Adiante, como disse, esta visão de Picasso leva-nos a colocar algumas questões, questões essas a que o próprio decerto gostaria de dar resposta, mas parece que não pode neste momento que está ocupado a desfazer-se em pó, se ainda não o está já! Vamos lá então, por ordem de profundeza de espírito das mesmas…
1) Picasso admite que não há pintura abstracta. No entanto, não se refere a mais nenhum tipo de arte. Pelo que: ou a pintura é um exemplo e toda a arte obedece a esta proposição; ou a pintura é uma excepção e a restante arte pode ser abstracta. Esta hipótese talvez fosse à partida a mais verosímil, visto que a pintura parece ser a única forma de arte com telas… por outro lado, o teatro e o bailado têm palcos, o cinema a tela da projecção, a música um certo número de notas, a fotografia… hmmm…

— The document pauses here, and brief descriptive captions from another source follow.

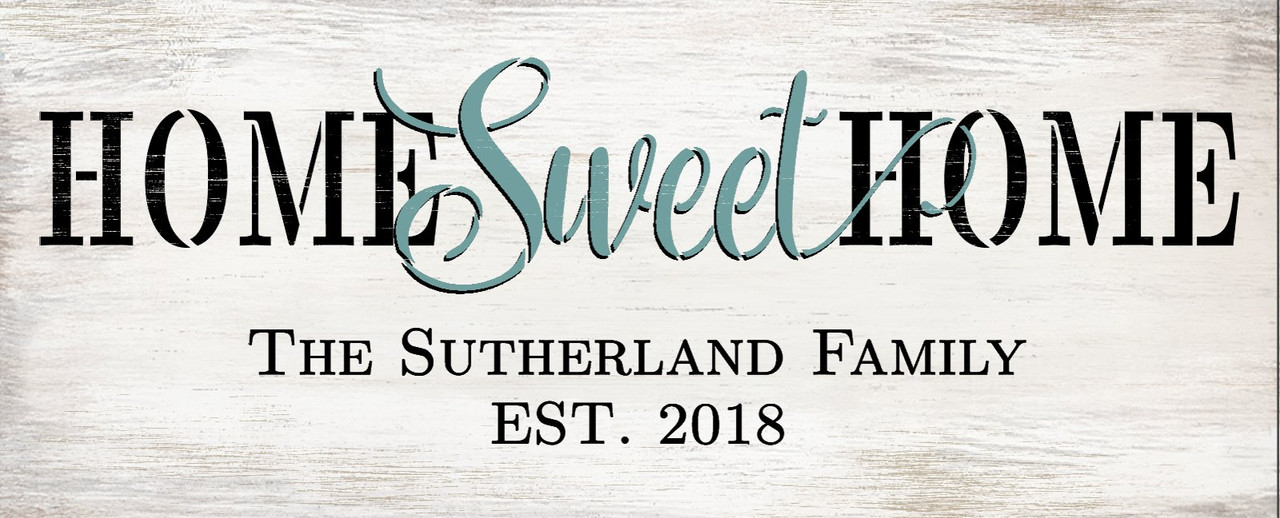 Home Sweet Home Personalized Stencil by StudioR12 - Select Size - USA Made - Craft DIY Farmhouse Home Decor | Paint Custom Wood Sign for Wedding, Anniversary | Reusable Template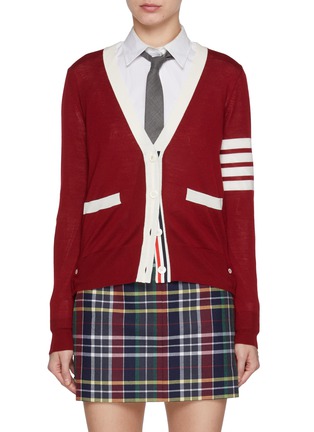 Main View - Click To Enlarge - THOM BROWNE  - 4 Bar Contrast Trim Wool Knit Cardigan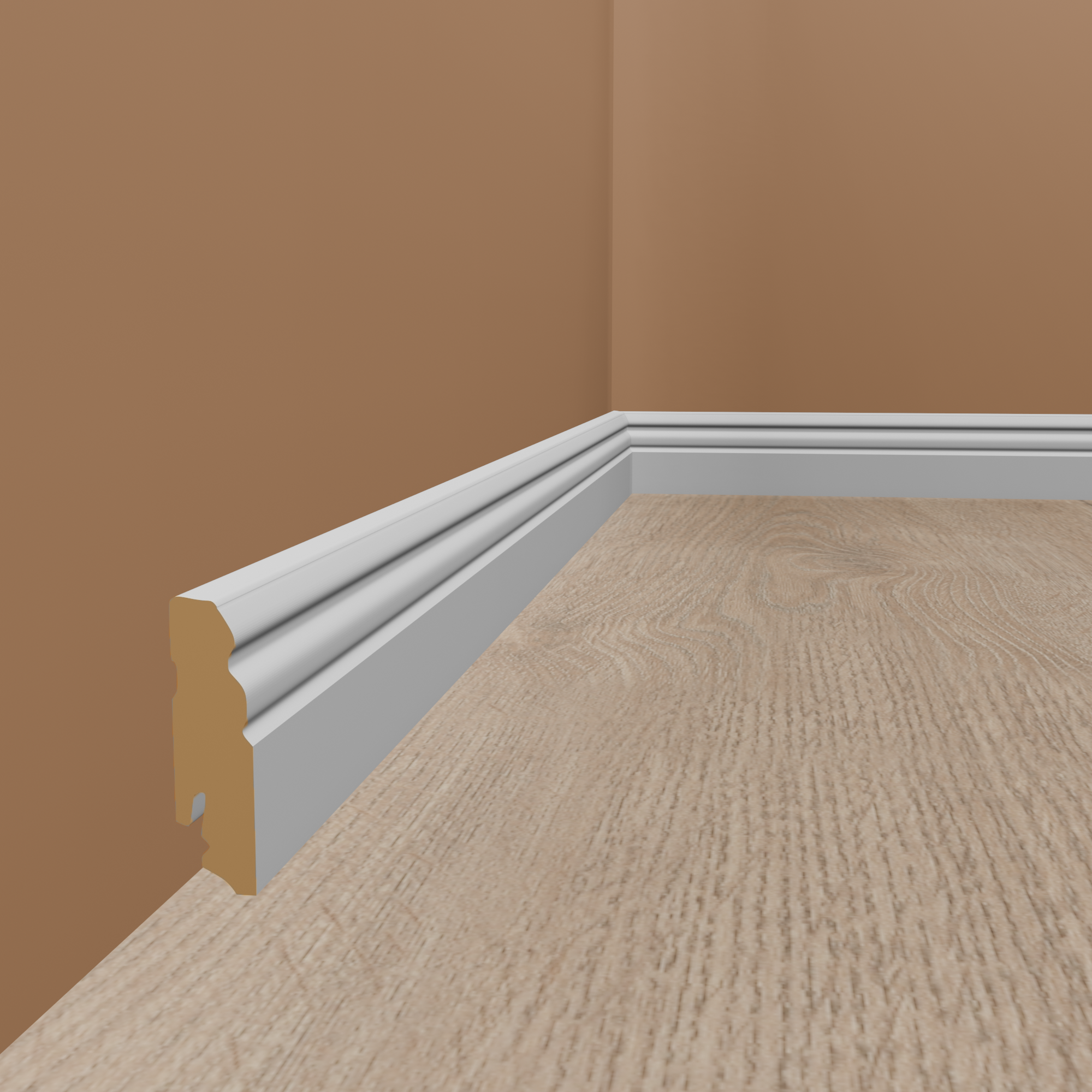 Neuhofer | Plinthe "Cambiano" | FU073L | MDF | 18 x 70 x 2400 mm | Blanc | Plinthe moulurée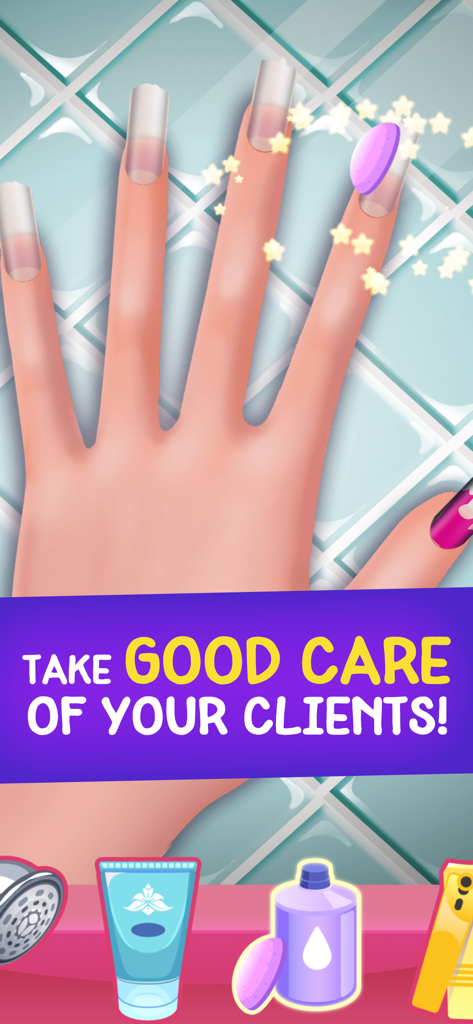 Game screen showing a hand being prepared for a manicure with skincare products and beauty tools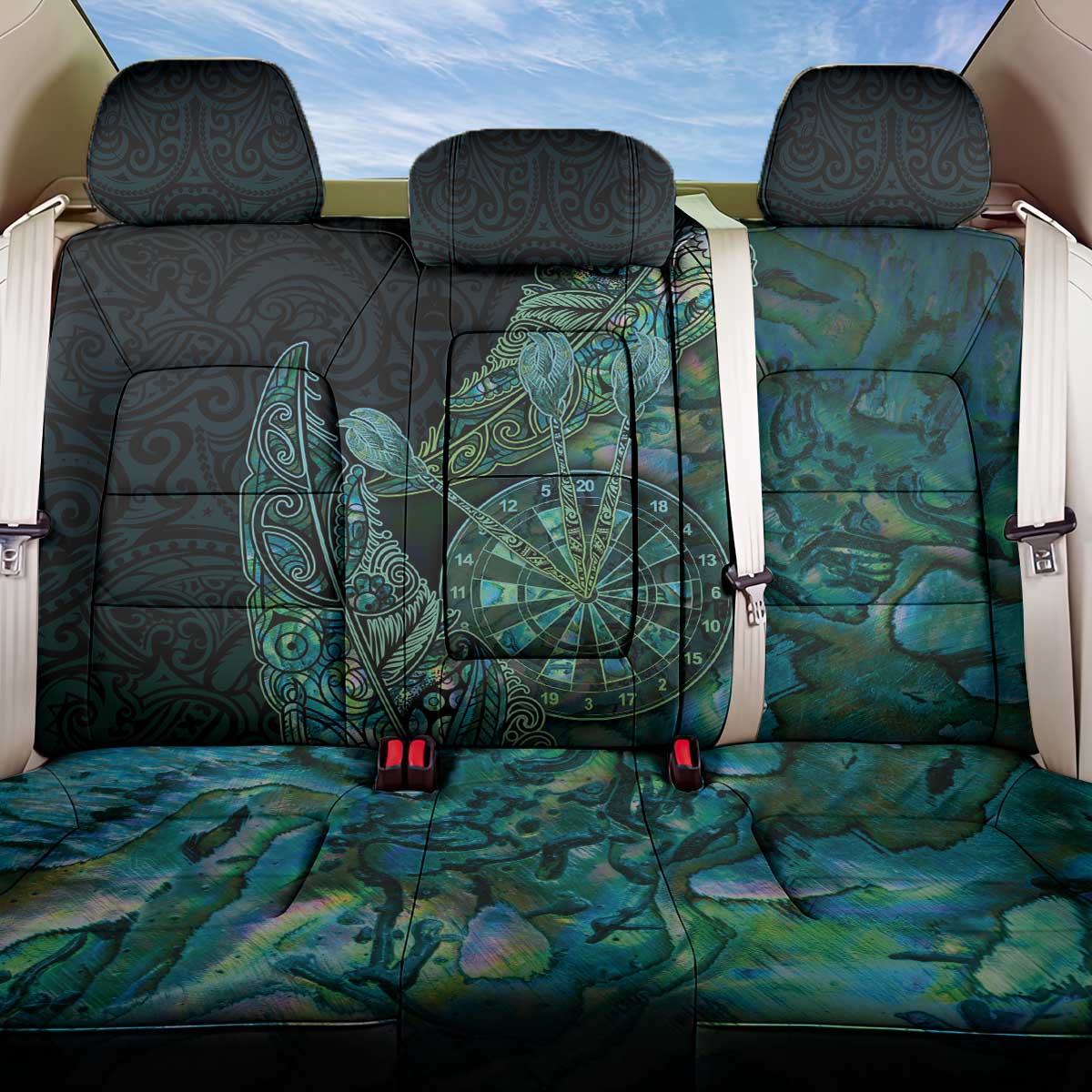 New Zealand Dart Back Car Seat Cover Maori Fern With Paua Shell - Polynesian Pride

2) Se o pintor está limitado pelas quatro linhas da tela, então Picasso:
a) usou as telas quadriláteras como modelo para pintura, embora pressupondo que possa haver outras formas geométricas onde pintar;
b) esqueceu-se completamente disso, ainda para mais não havia então o graffiti como acontece hoje, nas paredes, nas carruagens, num sem número de telas ocasionais (sim, o graffiti é uma arte por si mesma, fazê-lo em locais que são interditos por lei é que se torna vandalismo)
3) Se se considerar a arte como uma forma de ver o mundo, e considerando a pintura como um exemplo de toda a arte, então Picasso considerava que o mundo não tinha abstracção pura? Ou seja, é impossível ao mundo existir sem ter certos cânones onde se possa encaixar, negando assim um Caos absoluto? Quase tão importante como isso, fazendo a transposição entre arte e mundo, então o mundo, na visão de Picasso, é também delimitado por quatro linhas, sendo portanto quadrilátero? (Ouvi dizer também que uns tipos provaram há uns séculos que afinal é esférico) E, nesse caso, visto que temos noção de três dimensões, não seria, isso sim, cúbico? Partindo do pressuposto que a resposta às últimas duas questões é Sim, mas Picasso era doido, ou quê?

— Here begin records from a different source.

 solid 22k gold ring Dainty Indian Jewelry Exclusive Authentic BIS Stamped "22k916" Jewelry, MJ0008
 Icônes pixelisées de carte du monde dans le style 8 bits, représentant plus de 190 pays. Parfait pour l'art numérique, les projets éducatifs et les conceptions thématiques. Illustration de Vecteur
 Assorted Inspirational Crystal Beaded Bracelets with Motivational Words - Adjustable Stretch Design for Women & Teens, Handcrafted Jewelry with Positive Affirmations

4) Será que Picasso, tal como fizemos aqui nós, considerava, de facto, a arte como uma forma de ver o mundo, ou como um seu reflexo, ou considerava-a como uma coisa subsistente de per si? Considerando como correcta uma das primeiras duas opções, estaria a falar de um mundo-universo, ou do mundo-humano, isto é, de todas as coisas que existem, ou apenas da humanidade no meio desse todo?

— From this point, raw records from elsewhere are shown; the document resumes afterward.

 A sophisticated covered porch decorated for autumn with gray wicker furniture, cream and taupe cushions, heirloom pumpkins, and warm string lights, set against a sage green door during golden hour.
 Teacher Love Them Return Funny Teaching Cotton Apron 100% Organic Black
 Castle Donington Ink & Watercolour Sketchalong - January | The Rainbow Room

5) Concluindo, considerando todas estas considerações, não deveremos nós considerar que os limites da tela, que os limites da arte, seja ela qual for, que os limites do mundo, que todos e quaisquer limites são apenas os limites inexoráveis da mente humana? E, assim, não variarão o mundo, a arte, a tela, de tamanho conforme os limites de cada um? Porque cada indivíduo humano desenha na tela em branco dos dias a obra-prima da sua vida, em pinceladas comandadas por aquilo que ele é no pensamento e na alma, porque, parafraseando Pessoa, não somos da nossa altura, mas sim do tamanho de tudo aquilo que conseguimos ver, e cada um de nós vê aquilo para que está preparado, e/ou para que se quer preparar.